Green roofing increases earnings from photovoltaic systems
It is now generally accepted that the combination of green roofing and photovoltaic systems provides numerous synergy effects: for example, the weight of the green roof serves as a structural weight for anchoring the solar module. The design allows for load distribution right across the roof, therefore avoiding point loads which would be created if concrete elements were used for anchorage. In addition, it is much more difficult to transport the concrete elements up to the roof area. The green roof substrate, on the other hand, can be easily piped up to the roof.
Furthermore, there are still unanswered questions regarding a certain increase in earnings with photovoltaic systems as a result of the cooling effect of green roofs, something that was to date not measurable. ZinCo set about providing the proof and has measured this effect with its own testing equipment over a period of three years.
The temperature factor
Solar modules are electric components with which power output dips with increasing temperature because of the increase in electrical resistance. The standard performance of a solar module is stated by the manufacturer in reference to 1000 Watt/m² irradiance at 25° C cell temperature and an air mass (AM) of 1.5 and is specified as maximum power output in Watts Peak (Wp). This test procedure which is used internationally is referred to as standard test conditions (STC). It corresponds to the weather conditions on an early summer day in Germany in brilliant sunshine. The temperature coefficient for the output shows how the power output changes per Kelvin deviation from the standard test temperature of 25° C. This coefficient depends on the product and is approximately 0.5 %/K.

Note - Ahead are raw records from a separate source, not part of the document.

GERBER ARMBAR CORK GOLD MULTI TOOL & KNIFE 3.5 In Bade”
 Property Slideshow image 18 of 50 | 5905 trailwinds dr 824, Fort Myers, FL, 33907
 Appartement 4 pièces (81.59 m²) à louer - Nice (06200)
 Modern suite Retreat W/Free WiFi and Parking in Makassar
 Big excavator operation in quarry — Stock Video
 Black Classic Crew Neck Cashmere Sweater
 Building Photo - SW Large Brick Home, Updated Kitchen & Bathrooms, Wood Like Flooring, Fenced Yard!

This means, for example: A solar module heated up to 65° C, whose maximum power output is 200 Wp, will generate 0.5 %/K x 40 K = 20 % less output. Therefore, only 200 W – 20 % = 160 W of electricity will be generated. The key question for ZinCo is now: How great are these differences in temperature in reality, that is, how great is the actual cooling effect of a green roof?
Setting up the test
In order to find an answer to this question, ZinCo set up a measuring system on a test roof and over the following three years continuously recorded test values. The test facility consists of three identical solar modules installed in the same location, faced in the same direction and at the same tilt. Modules 1 and 2 are installed on a bitumen waterproofing membrane (one on a low and the other on a high mounting frame). Module 3, on the other hand, was installed on an extensive green roof and on a high mounting frame. A total of 27 sensors measure continuously, among other things, the cell temperature at the underside of each module. In parallel, a weather station measures the current air temperature, wind speed and irradiance.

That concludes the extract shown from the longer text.